The Mind's Transformer: Computational Neuroanatomy of LLM-Brain Alignment

📝 Overview

MindTransformer systematically dissects 13 intermediate computational states within transformer blocks to achieve superior brain alignment. Our framework achieves a 31% improvement in the primary auditory cortex, surpassing the gains typically achieved by 456× model scaling.

📂 Project Structure

.
├── config_lpp.yaml             # Main configuration template
├── config_lpp_*.yaml           # Model-specific configs (Llama, Mistral, etc.)
├── mindtransformer.py          # Core encoding framework (Modes 1 & 2)
├── requirements.txt            # Dependencies
├── script/                     # HPC Automation Scripts
│   ├── setup.sbatch            # Environment setup
│   ├── download.sbatch         # Data download
│   ├── preprocess.sbatch       # Preprocessing pipeline
│   ├── all_mindtransformer.bash # Main Experiment Controller
│   └── job_mindtransformer.sbatch
└── data/                       # Data storage

🛠️ Installation

Option A: Automated Setup (Recommended for HPC/Slurm)

If you're on a Slurm-based HPC cluster, use our automated scripts for a streamlined setup:

# 1. Clone the repository
git clone https://github.com/your-username/MindTransformer.git
cd MindTransformer

# 2. Navigate to the script directory
cd script

# 3. Create logs directory (required for Slurm output)
mkdir -p logs

# 4. Run the environment setup script
sbatch setup.sbatch

This script will:

Create a conda environment (mindtransformer_env) with Python 3.10
Install all dependencies from requirements.txt
Upgrade transformers to the latest version

Note: Before running, edit script/setup.sbatch to configure cluster-specific settings:

Uncomment and set #SBATCH --account= and #SBATCH -q if required by your cluster

Adjust module load commands to match your cluster's naming conventions

Option B: Manual Setup (Local/Non-Slurm)

For local machines or non-Slurm environments:

# 1. Clone the repository
git clone https://github.com/your-username/MindTransformer.git
cd MindTransformer

# 2. Create and activate conda environment
conda create -y --name mindtransformer_env python=3.10
conda activate mindtransformer_env

# 3. Install dependencies
pip install -r requirements.txt
pip install --upgrade transformers

📊 Data Setup

Option A: Automated Download (Recommended for HPC/Slurm)

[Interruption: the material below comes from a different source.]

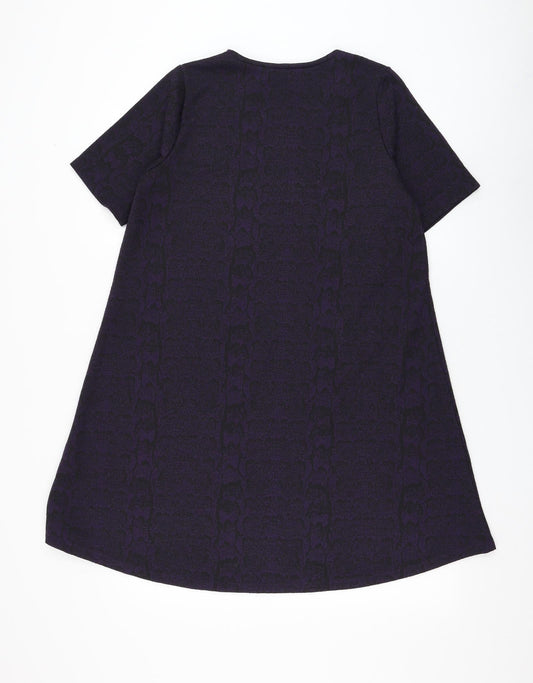 TU Womens Purple Animal Print Polyester A-Line Size 12 Round Neck Pullover - Snake Print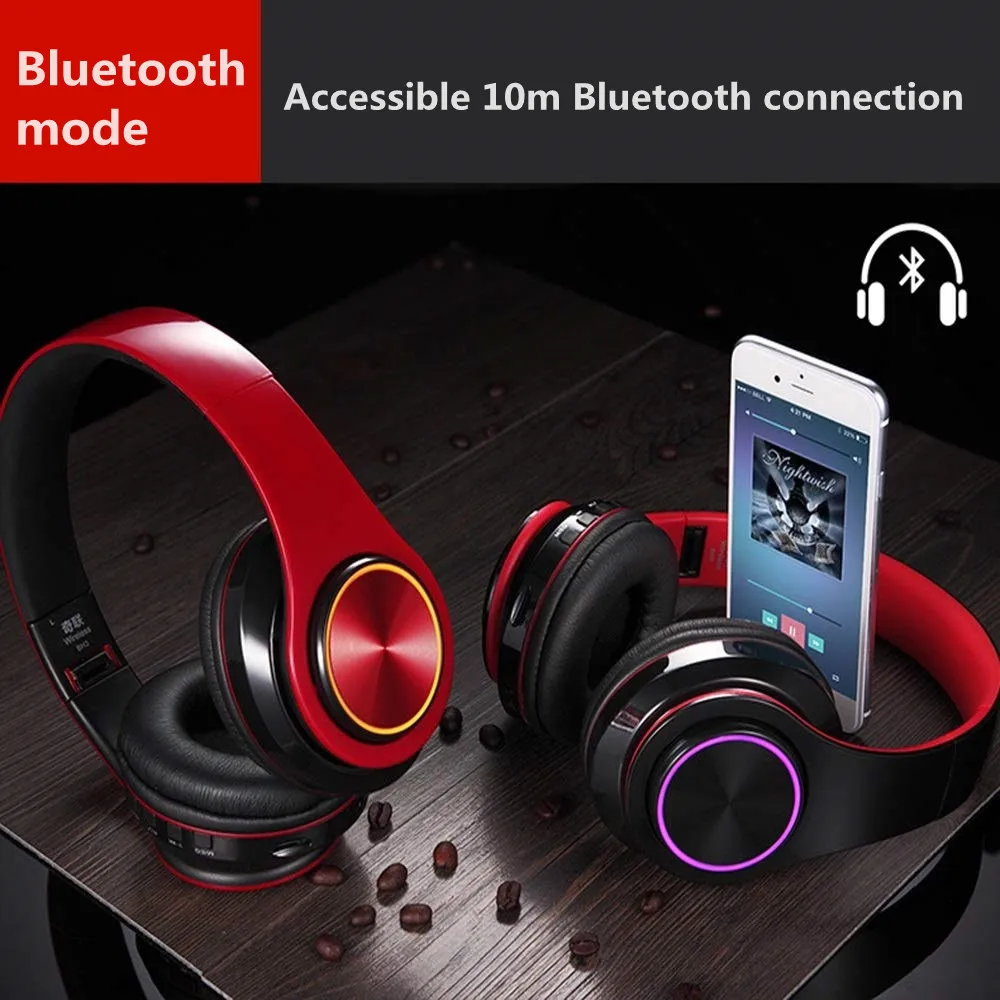 Складные Bluetooth наушники беспроводные HiFi стерео, перезаряжаемое светящийся светодиодный Спортивная гарнитура игровые Вкладные наушники головные уборы с микрофоном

After the environment setup job completes, download the data:

# From the script/ directory
cd script  # if not already there
sbatch download.sbatch

This script will automatically:

Download spaCy language models (English, French, Chinese)
Download the full OpenNeuro fMRI dataset (ds003643) via AWS S3
Download and extract GloVe embeddings

Note: The download may take several hours depending on network speed. The OpenNeuro dataset is more than 200GB.

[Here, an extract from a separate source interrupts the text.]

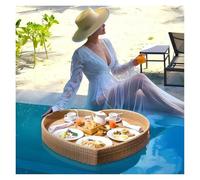 SAYEYBU Rattan Serving Tray With Handle, Outdoor Water Play Fruit Food Plate, Multifunction Breakfast Tray on The Water, for Breakfast Tea Platters Parties Wedding Photography,Beige,60×60cm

Option B: Manual Download (Local/Non-Slurm)

1. spaCy Language Models

conda activate mindtransformer_env
pip install https://github.com/explosion/spacy-models/releases/download/en_core_web_sm-3.7.1/en_core_web_sm-3.7.1-py3-none-any.whl
pip install https://github.com/explosion/spacy-models/releases/download/fr_core_news_sm-3.7.0/fr_core_news_sm-3.7.0-py3-none-any.whl
pip install https://github.com/explosion/spacy-models/releases/download/zh_core_web_sm-3.7.0/zh_core_web_sm-3.7.0-py3-none-any.whl

2. fMRI Dataset

We use the "Le Petit Prince multilingual naturalistic fMRI corpus" by Li et al. (2022).

Citation: Li, J., Bhattasali, S., Zhang, S., Franzluebbers, B., Luh, W., Spreng, R. N., Brennan, J., Yang, Y., Pallier, C., & Hale, J. (2022). Le Petit Prince multilingual naturalistic fMRI corpus. Scientific Data, 9, 530.
Data access: doi:10.18112/openneuro.ds003643.v2.0.5

# Requires AWS CLI (install via: pip install awscli)
aws s3 sync --no-sign-request s3://openneuro.org/ds003643 data/ds003643/

Note: For reproducing our main results (in English), the script specifically targets the annotation/EN and derivatives/sub-EN* subfolders.

Note: We strongly recommend going through llms_brain_lateralization for the dataset preparation and preprocessing since this repository is where we adopt the code for the data pipeline.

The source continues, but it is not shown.